İşverenin iş araç ve gereçlerini sağlama yükümlülüğü Türk Borçlar Kanunu (TBK) 413 maddesinden doğmaktadır. Anılan maddeye göre “Aksine anlaşma veya yerel adet yoksa, işveren işçiye bu iş için gerekli araçları ve malzemeyi sağlamakla yükümlüdür.

İşçi işverenle anlaşarak kendi araç veya malzemesini işin görülmesine özgülerse, aksi anlaşmada kararlaştırılmadıkça veya yerel adet bulunmadıkça işveren, bunun için işçiye uygun bir karşılık ödemekle yükümlüdür”.

Dolayısıyla işveren evde çalışmada bilgisayar, internet donanımı sağlamak, elektrik internet masrafı vb. giderleri karşılamak zorundadır.

İş sadece gelir getiren bir faaliyet değildir. İş sosyal kimlik, bir sosyalleşme aracıdır. Evden çalışmanın çalışanı-işçiyi eve hapseden niteliği çalışanın-işçinin sosyal iyilik halini tehdit etmektedir. Gerçekten de bu işçiler diyor ki:

Sosyal hayatın azalması, hep tek başınasınız bilgisayar karşısında, bir çift laf, tartışılacak kişi yok bir de, çalıştığınız saatlerle kendinize ayırdığınız saatler birbirine karışıyor. Kendimi sürekli çalışıyor sanıyorum. Bilgisayarım 7-24 açık.

Tatmin edici ciddi bir zam yapmadılar.

Psikolojik bir baskı da var insanların üzerinde çalışma bakımından.

Yöneticiler çalışanları takdir etmiyor ve güven sorunu yaşanıyor. Ben birkaç kişiden duydum.- o kadar çalışıyoruz gene de yöneticiler memnun değil diye (sektörde).

İşverenin bu uygulamaları öncelikle eşit işlem borcuna aykırıdır. Tekrarlayalım, 4857 sayılı İş Yasası’nın 14. maddesine göre evden çalışan “İşçiler, esaslı neden olmadıkça salt iş sözleşmesinin niteliğinden ötürü emsal işçiye göre farklı işleme tabi tutulamaz”. İş, çalışanın sosyal fiziksel ruhsal iyilik halini ortadan kaldıracak şekilde organize edilemez.

Çalışan işe gitmek için evden çıkmıyor diye, 7/24 çalışmaya zorlanamaz. Her an işe hazır bir şekilde beklemeye zorlanamaz. Evden çalışma bir lütuf değildir. İşverenin yaptığı, iş organizasyonu içinde bir iştir. İşveren evden çalışma yaptırıyorum diye yasal yükümlülüklerinden kurtulamaz.

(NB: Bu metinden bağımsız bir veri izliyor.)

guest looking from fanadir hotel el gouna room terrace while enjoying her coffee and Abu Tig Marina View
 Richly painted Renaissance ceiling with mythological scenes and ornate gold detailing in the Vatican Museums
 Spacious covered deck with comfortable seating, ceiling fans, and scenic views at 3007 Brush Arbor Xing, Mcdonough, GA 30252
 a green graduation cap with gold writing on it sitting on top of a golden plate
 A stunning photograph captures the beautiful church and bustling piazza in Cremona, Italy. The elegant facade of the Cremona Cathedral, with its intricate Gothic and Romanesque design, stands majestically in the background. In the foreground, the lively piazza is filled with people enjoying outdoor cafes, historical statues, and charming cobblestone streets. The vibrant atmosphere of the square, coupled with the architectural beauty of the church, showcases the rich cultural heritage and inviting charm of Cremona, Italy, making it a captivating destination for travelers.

Her ne kadar yasa, uygulamanın detaylarının yönetmelikle belirleneceği hükmünü getirmiş ve 2016 yılından bugüne kadar konuyu düzenleyecek yönetmelik çıkmamışsa da, yönetmeliğin çıkmamış olması işverenin keyfi uygulamalarının gerekçesi olamaz.

Kısacası yasayı uygulamak için yönetmeliğin çıkması şart değil. Evden çalışan işçilerin de yasal hakları vardır. Hak ise hakkın sahibi talep ettiği sürece haktır.